Irrespective of the trajectories they may take, the Alli ballads have as their common thrust, the gradual taming of Alli to fit the patriarchal role model of a woman. The transformation of Alli from a valorous ruler to a tame housewife constitutes the climax of all the various extant versions of the Alli myth. Pugazhendi Pulavar, the 16th century author of Alli Arasani Malai holds up the submission of Alli to Arjuna as a moral lesson which all right thinking women should draw – that a woman’s ultimate destiny is fulfilled only as a wife and a mother. With the changeover from being a “castrated male” to a “chaste wife” Alli’s transformation is complete. The extent to which patriarchy and brahminisation has seeped into Tamil society is demonstrated by the fact that “Alli” is a term used in common parlance for a eunuch! The fact that cultural memories which live on in the collective consciousness of the community continue to shape social attitudes can still be perceived in conservative Tamil homes. “Alli” is used as a term in middle class homes for young girls behaving like tom boys. On a personal note, I remember being told in my childhood “not to act like Alli”. The moral is obvious. A bold and courageous girl, however beautiful, cannot be regarded as feminine or even as female.

The story of Alli after her marriage to Arjuna is continued in three related ballads – Pavazhakkodi Malai, Eni Etram and Pulandaran Kalavu Malai.

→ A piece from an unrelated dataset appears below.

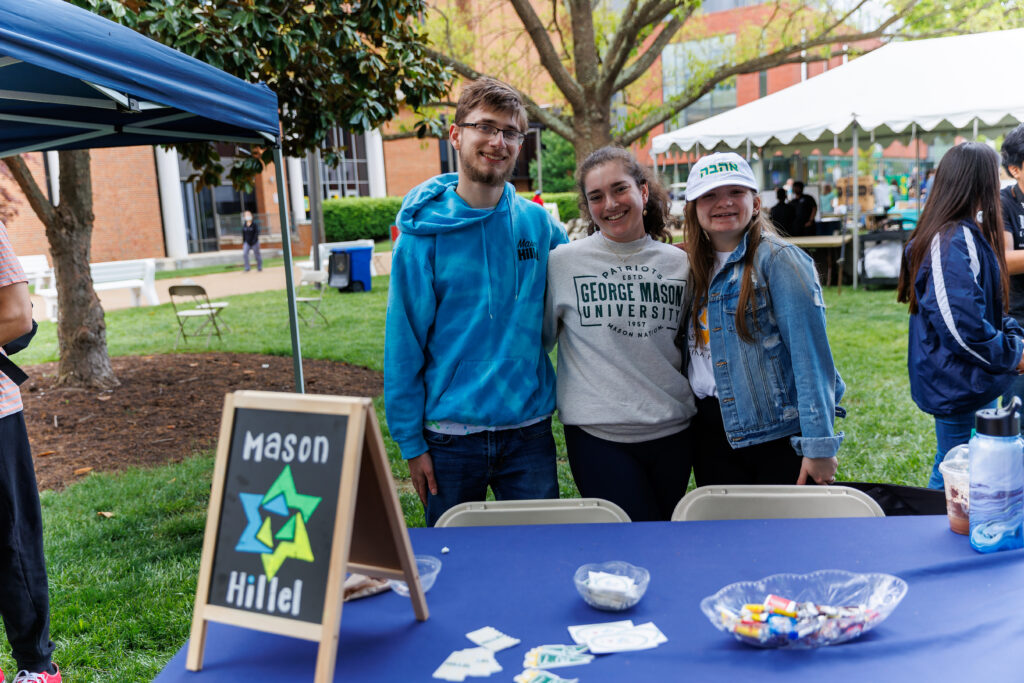 Students pose behind a table for Mason Hillel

Pavazhakkodi was another female ruler, who became the victim of Arjuna’s desire. The ballad begins with Alli’s son Pulandaran crying for a toy chariot made of coral. Neither queen Alli nor her son Pulandaran have been visited by Arjuna since the birth of the boy five years ago. Alli is father and mother to him and she is agitated by the boy’s lament that he would die if he was not given a coral chariot. There was no coral to be found in Madurai which is a land of pearls.24 The ballad says that the queen was helpless in the matter of fulfilling his wish.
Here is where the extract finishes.